# normal dulling?



## slowtyper (Jul 7, 2011)

Lately I have been using my yoshihiro carbon usuba a lot. I sharpen it until it can push cut regular paper and feels very sharp. I put on a microbevel with just a few strokes and I can see that bevel glint in the light.

Now I am doing katsuramuki and after a few cucumber the knife is noticeably duller. Same with shaving green onions, after a single bunch of onions I can feel it is duller. Need to strop and all is right. Wire edge? I thought the microbevel should take care of that. I mean it isn't dull, still sharp but not as razor sharp as when I start. This can't be normal can it? Could my microbevel be too small to be effective? Would another stone help? Currently use bester1200 and arashiyama6000


----------



## JBroida (Jul 7, 2011)

roughly what angle are you doing the microbevel at? how does the ura look? Are you using a flat grind on the bevel or is it more hamagurbia? Do you do anything to clean up the edge for burrs/ wire edge after putting on the microbevel? Is there a chance you are rounding the edge on your strops? What stropping compounds are you using?


----------



## tk59 (Jul 7, 2011)

You can still get a wire edge after you put a micro but I usually don't get this sort of problem on carbon. How much pressure are you applying when you put the micro? It should be pretty light. If you deform the edge too much while applying the microbevel, you may form another wire edge.
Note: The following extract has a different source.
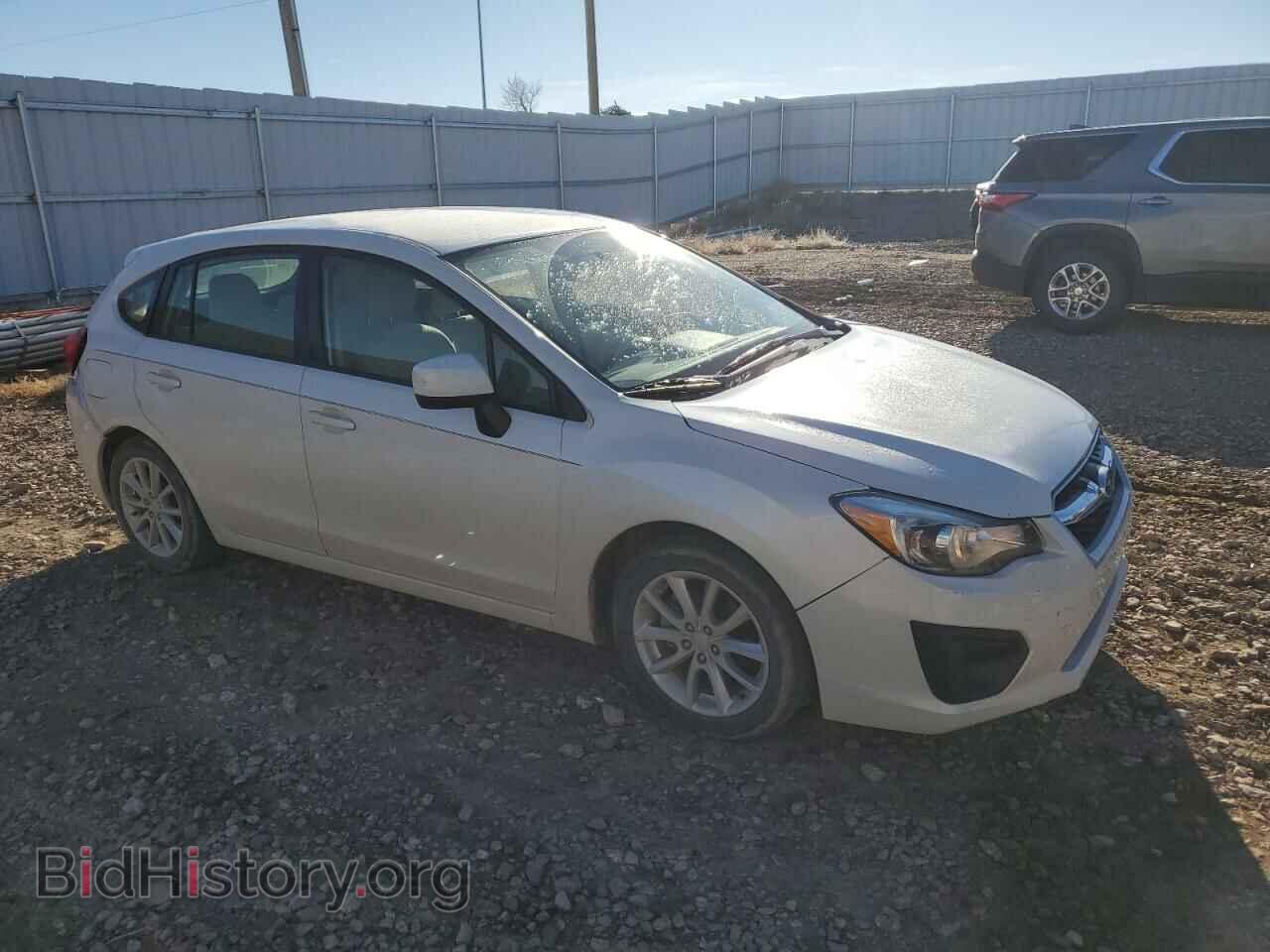 2014 SUBARU IMPREZA - VIN: JF1GPAC62E8253030 - Фото 4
Also, exactly what do you mean by "noticeably duller?" Does it still push-cut paper? Does it still shave easily with both sides of the edge?


----------



## EdipisReks (Jul 7, 2011)

that sounds like it would likely be a wire edge. i only experience noticeable dulling after prolonged board contact. it's not the best way to remove a wire edge, but try lightly pulling the edge on the corner of your cutting board a couple times before you start processing food, and see if your edge lasts longer.


----------



## Lefty (Jul 7, 2011)

I don't see a problem with that. It's an effective way to remove burrs...


----------



## slowtyper (Jul 12, 2011)

JBroida said:


> roughly what angle are you doing the microbevel at? how does the ura look? Are you using a flat grind on the bevel or is it more hamagurbia? Do you do anything to clean up the edge for burrs/ wire edge after putting on the microbevel? Is there a chance you are rounding the edge on your strops? What stropping compounds are you using?


 Whoa lots of questions!

Microbevel seems like roughly a 20-25 degree angle? I don't really know how to answer how the ura looks....not really sure what I'm looking for. I mean it definitely goes all the way to the edge and its fairly even all the way around. 

At first I followed your videos for the hamaguriba however I realized after I was lifting the blade too high when I did the edge. I wasn't getting the edge completely. Also I have to admit that when i am supposed to see two distinct bevels I see nothing...after I "round" the two bevels, I can feel it on the stone but again...I see nothing. Am I blind? Maybe I dont know what to look for. 

Anyways, now when I sharpen I do the edge first, then pretty much lay the big bevel flat and try to flatten it. I don't really go to town to flatten it, just do it a little bit each time I sharpen. 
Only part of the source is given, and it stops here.